**Goal of the exercise:** Would you output the lines from the one with "166 Davis Lane Penngrove CA 94951" through the last line of the material below, exactly, but without pictures?

**Input material:**

--- START ---

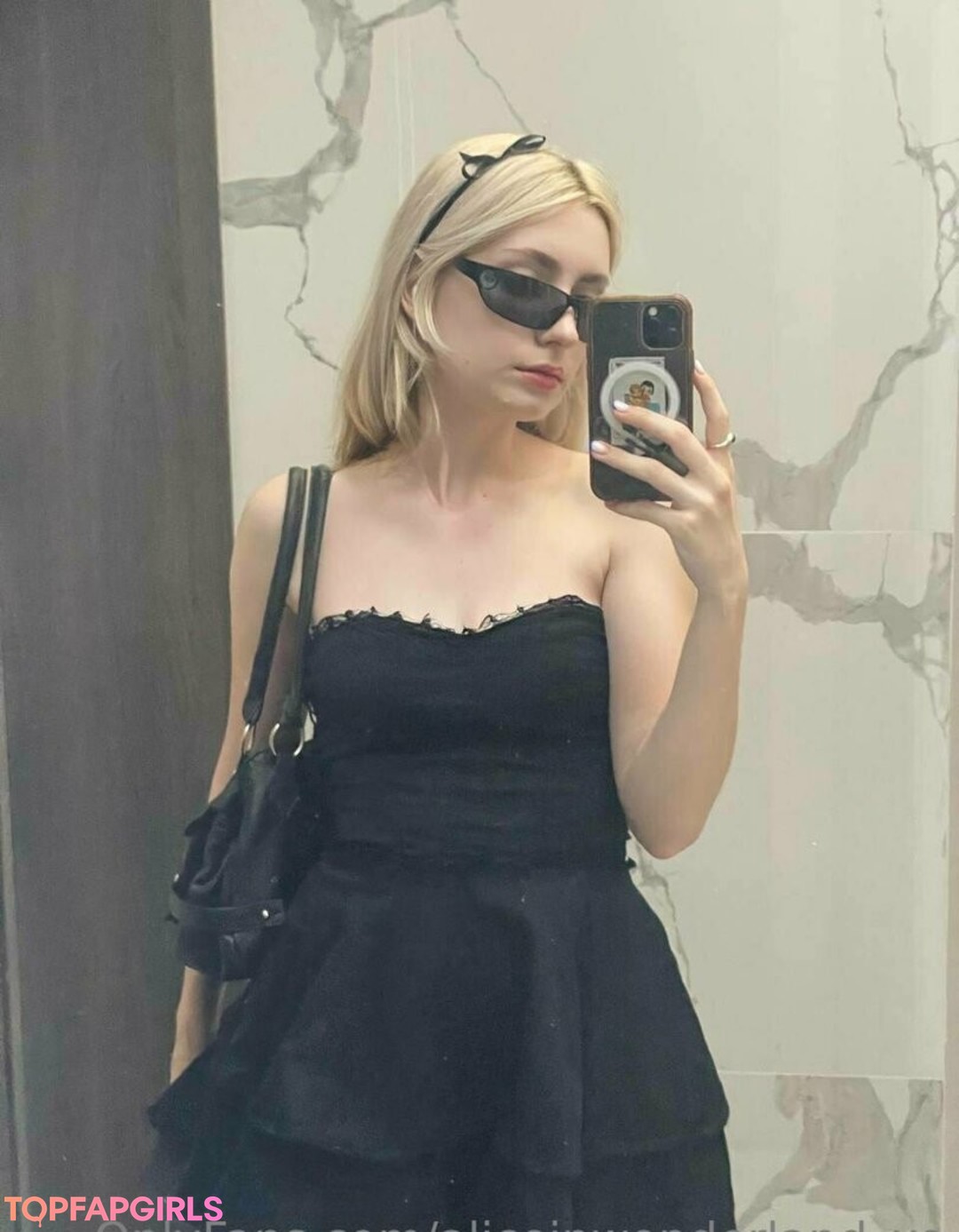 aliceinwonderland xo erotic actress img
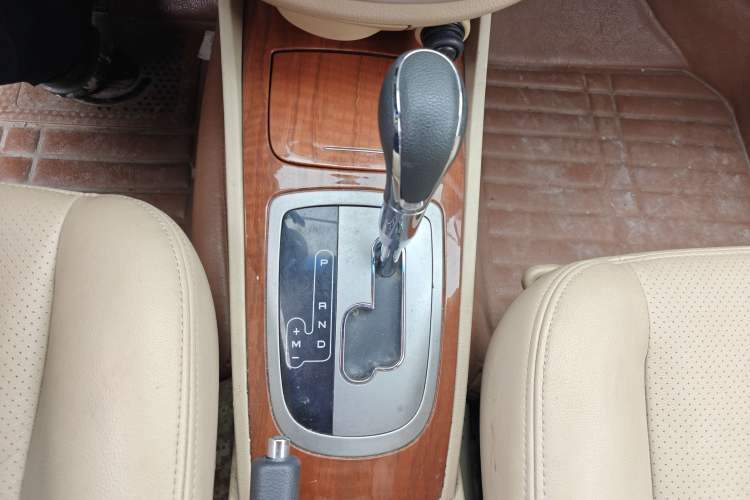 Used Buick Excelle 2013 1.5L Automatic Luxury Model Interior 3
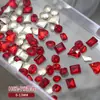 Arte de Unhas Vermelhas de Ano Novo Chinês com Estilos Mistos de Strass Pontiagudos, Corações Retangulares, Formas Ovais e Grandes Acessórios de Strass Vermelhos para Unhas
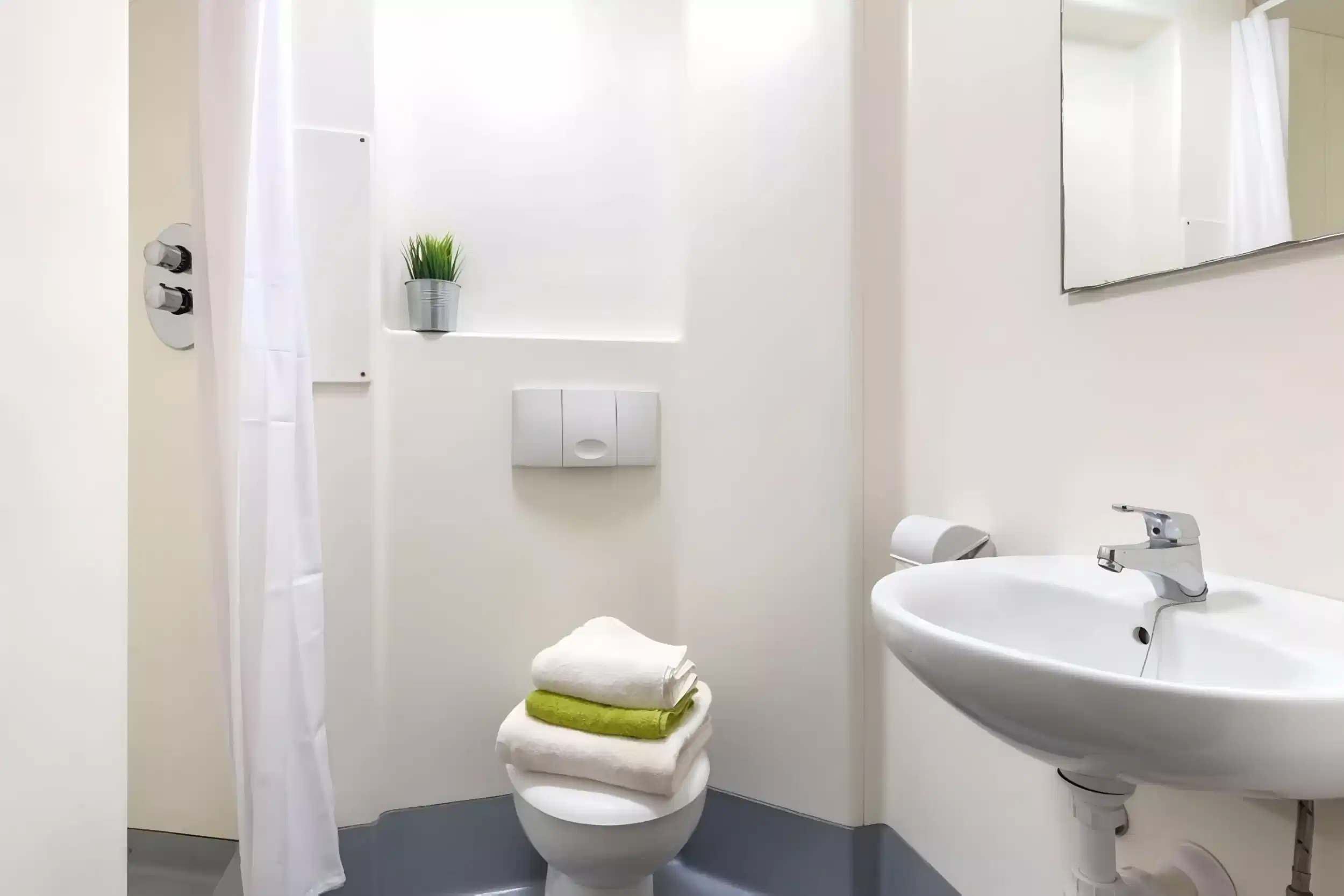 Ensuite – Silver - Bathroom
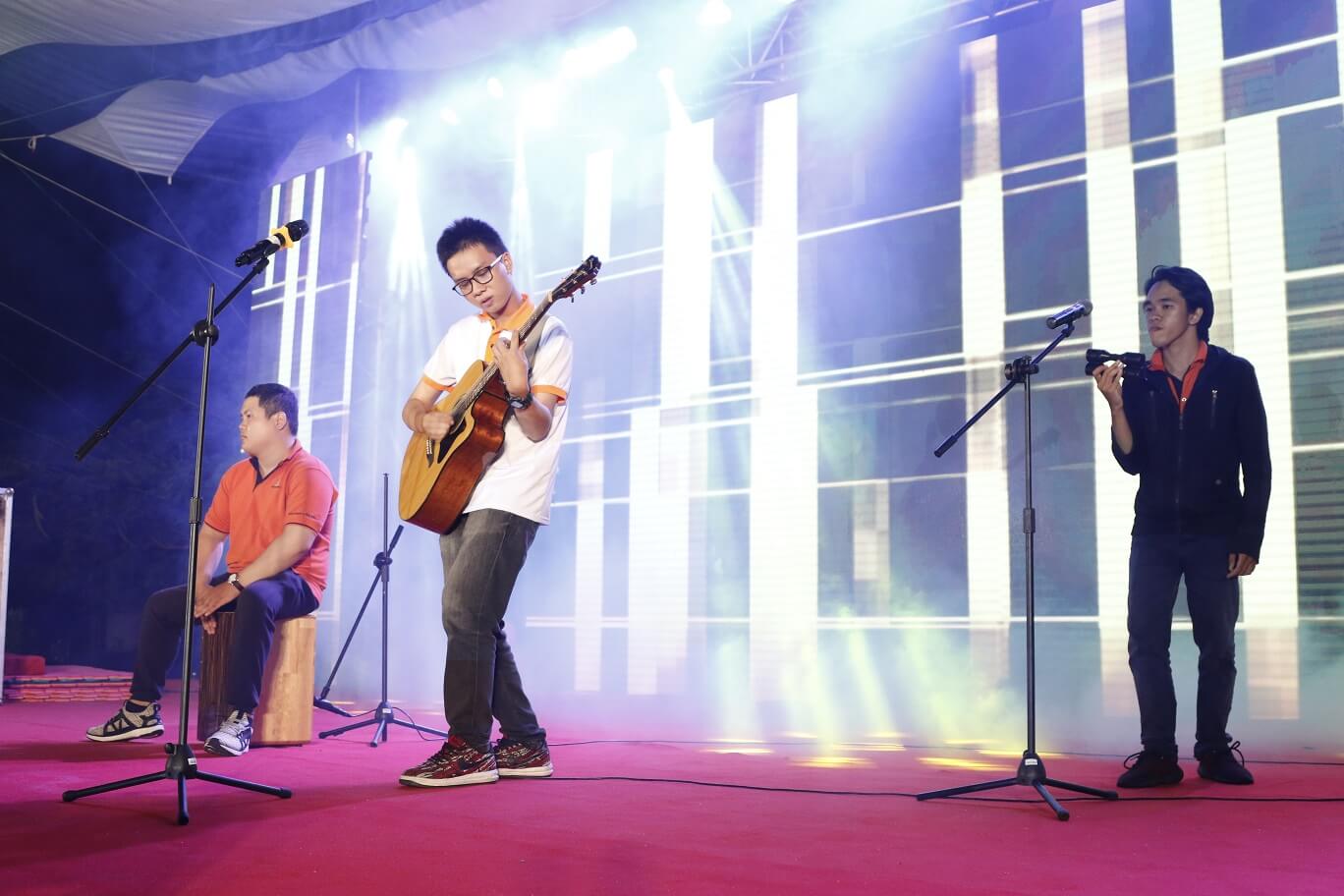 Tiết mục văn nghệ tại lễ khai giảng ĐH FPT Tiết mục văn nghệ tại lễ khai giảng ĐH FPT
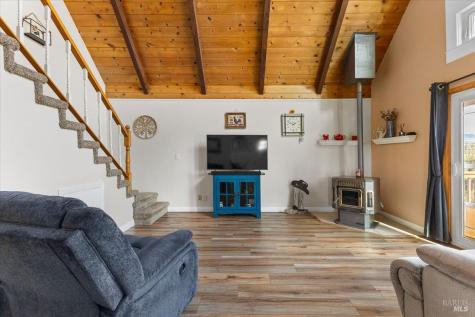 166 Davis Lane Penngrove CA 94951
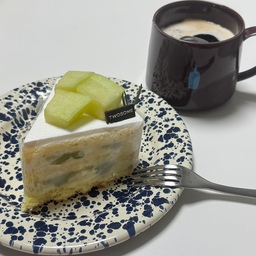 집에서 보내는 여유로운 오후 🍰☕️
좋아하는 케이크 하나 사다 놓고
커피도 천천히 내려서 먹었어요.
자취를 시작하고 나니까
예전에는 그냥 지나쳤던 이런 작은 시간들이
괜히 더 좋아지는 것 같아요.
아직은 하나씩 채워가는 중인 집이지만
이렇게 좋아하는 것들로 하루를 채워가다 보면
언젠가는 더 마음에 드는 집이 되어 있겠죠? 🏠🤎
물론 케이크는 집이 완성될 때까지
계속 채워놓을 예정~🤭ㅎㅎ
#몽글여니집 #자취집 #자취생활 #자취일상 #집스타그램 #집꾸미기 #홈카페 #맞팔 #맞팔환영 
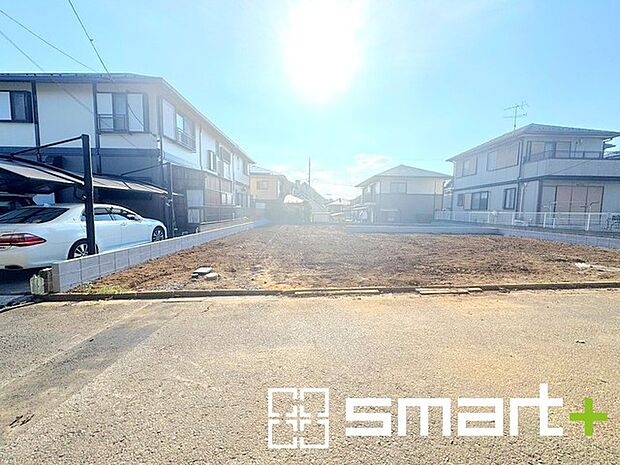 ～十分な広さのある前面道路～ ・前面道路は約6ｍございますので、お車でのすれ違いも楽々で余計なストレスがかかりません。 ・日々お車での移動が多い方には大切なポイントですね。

--- END ---

**The answer:**
 166 Davis Lane Penngrove CA 94951
 집에서 보내는 여유로운 오후 🍰☕️
좋아하는 케이크 하나 사다 놓고
커피도 천천히 내려서 먹었어요.
자취를 시작하고 나니까
예전에는 그냥 지나쳤던 이런 작은 시간들이
괜히 더 좋아지는 것 같아요.
아직은 하나씩 채워가는 중인 집이지만
이렇게 좋아하는 것들로 하루를 채워가다 보면
언젠가는 더 마음에 드는 집이 되어 있겠죠? 🏠🤎
물론 케이크는 집이 완성될 때까지
계속 채워놓을 예정~🤭ㅎㅎ
#몽글여니집 #자취집 #자취생활 #자취일상 #집스타그램 #집꾸미기 #홈카페 #맞팔 #맞팔환영 
 ～十分な広さのある前面道路～ ・前面道路は約6ｍございますので、お車でのすれ違いも楽々で余計なストレスがかかりません。 ・日々お車での移動が多い方には大切なポイントですね。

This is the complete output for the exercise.